Posted by ESC on June 13, 2000
In Reply to: Phrase: Blowing someone off posted by Bob on June 13, 2000
: : I posted this question two months ago and didn't get a response. It is not on the search the archives of the discussion group anymore either.
: : This is a phrase I hear more and more in public in America. I want to know how it meaning has totally changed in the last twenty years, when you could say such a thing in public. I'm sick of hearing it.
: While public discourse has gotten immeasurably more vulgar, this particular phrase is not guilty. Think of blowing dust off a book, or blowing off a feather that lands on your shoulder. This is the sense of lightly getting rid of someone of no importance. Discarding a person not worthy of your attention. (Come to think of it, that IS vulgar.)

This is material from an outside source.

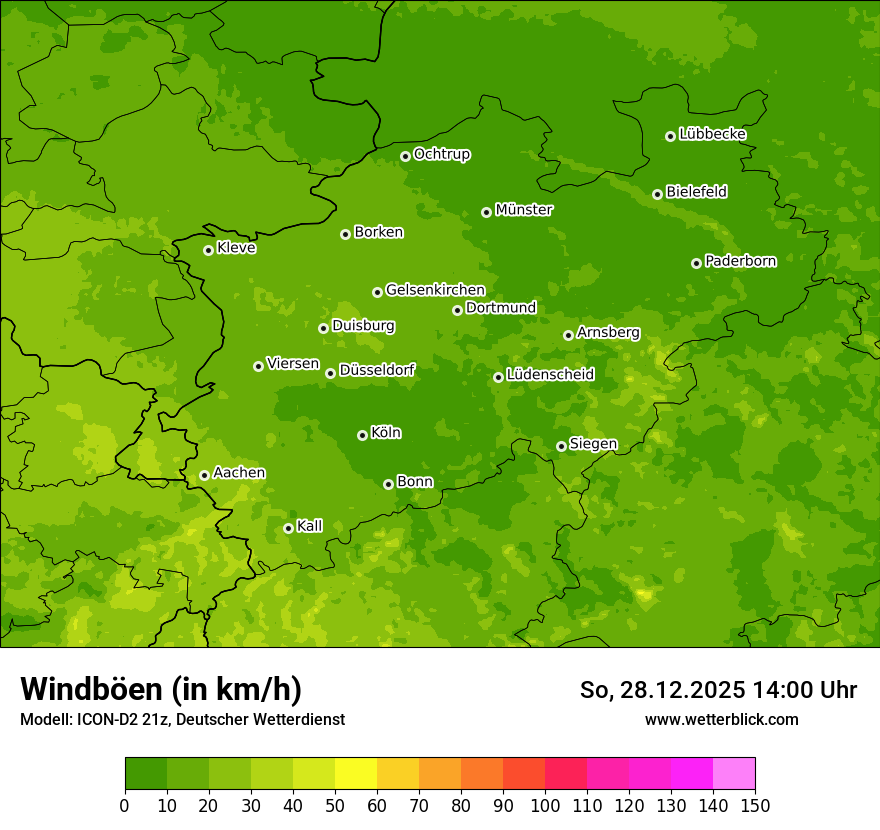 Modellkarten Windgeschwindigkeit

Page on down to 5/26/00 on this page. Here's my response...
I believe you're talking about two different kinds of "blow." There's the old use of the term "blow" for oral copulation. And the young ones still use that, as in the insult "blow me." Or "blow job." Or "that blows," meaning "that sucks."
But, and here's where I'm guessing, "blowing someone off" (ignoring someone or dropping him or her socially) takes its meaning from phrases like "giving him the brush off" and "blow off/blow off his doors -- In racing, to pass a challenger." (From "Slang" by Paul Dickson) Or from a really old insult, "Make like a horn and blow." Meaning to leave.